Copy exactly the lines from the first line of the records below through the line containing "International technical sales", including both, and nothing else.

[Items from a dataset]
..............................

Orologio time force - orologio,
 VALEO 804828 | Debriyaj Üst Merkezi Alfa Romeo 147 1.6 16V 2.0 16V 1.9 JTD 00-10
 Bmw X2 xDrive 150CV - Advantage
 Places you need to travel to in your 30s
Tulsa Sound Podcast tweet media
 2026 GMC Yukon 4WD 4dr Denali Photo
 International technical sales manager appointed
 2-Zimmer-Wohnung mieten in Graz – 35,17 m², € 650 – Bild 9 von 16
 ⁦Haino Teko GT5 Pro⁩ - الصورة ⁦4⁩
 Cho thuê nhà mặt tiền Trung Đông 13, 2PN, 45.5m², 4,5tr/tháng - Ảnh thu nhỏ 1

..............................

- Answer box
Orologio time force - orologio,
 VALEO 804828 | Debriyaj Üst Merkezi Alfa Romeo 147 1.6 16V 2.0 16V 1.9 JTD 00-10
 Bmw X2 xDrive 150CV - Advantage
 Places you need to travel to in your 30s
Tulsa Sound Podcast tweet media
 2026 GMC Yukon 4WD 4dr Denali Photo
 International technical sales manager appointed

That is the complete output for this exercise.